Nov. 18, 2019, 8:01 AM

Advance pricing agreements (APAs) are quintessentially used to allow both the taxpayer and the competent authorities to determine appropriate transfer prices for transactions conducted by a taxpayer over a set period of time. As a result, the taxpayer obtains the assurance that transfer prices that were agreed upon through an APA will in principle not be subject to change. The risk of legal disputes and the resulting possibility of additional costs or obligations to pay more tax is diminished accordingly.

Even though Slovenia introduced and enacted legislation on determining transfer prices based on the Organisation for Economic Co-operation and Development (OECD) Transfer Pricing Guidelines (OECD Guidelines) in 2007, the possibility of concluding APAs with the Slovenian Financial Administration (FA) has only been possible since January 1, 2017. So far, only one APA has been successfully concluded, while a handful more are in the works.

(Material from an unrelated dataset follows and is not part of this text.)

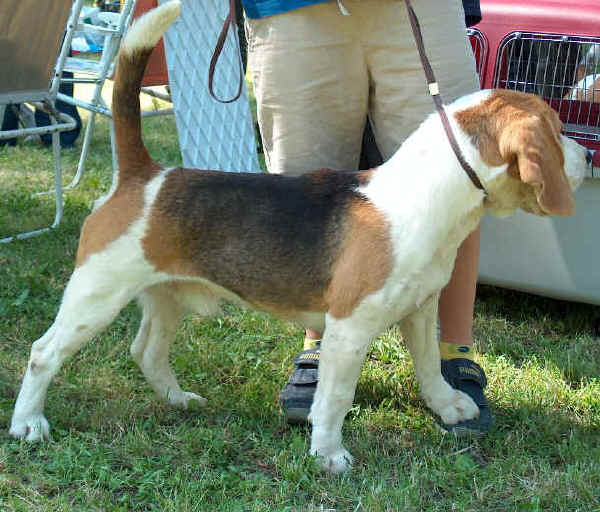 Il BEAGLE e' un cane da seguita la cui razza e' stata selezionata in Inghilterra.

It is obvious that the entire process of concluding APAs is a novelty in Slovenia, meaning that general guides and legislation must be referred to in lieu of almost nonexistent practical experience.

This article will provide the general framework of the procedure to conclude an APA in Slovenia with respect to the FA’s guidelines and the relevant provisions of Slovenia’s legislation.

General Framework

The procedure to conclude an APA may be initiated by any interested taxpayer which conducts transactions between its associated enterprise(s). The Slovenian Tax Procedure Act (TPA) allows for unilateral, bilateral and multilateral agreements. Since APAs are based on the determination of transfer prices, which are by their nature an international affair encompassing at least two states, the use of unilateral APAs is deemed to be an exception (in general it can be concluded in the absence of a double tax agreement or if the affected state declines or does not conclude a mutual agreement procedure (MAP). Moreover, if an APA (which affects another member state of the EU or of the OECD) is concluded, the FA is bound to inform the affected state’s competent authority.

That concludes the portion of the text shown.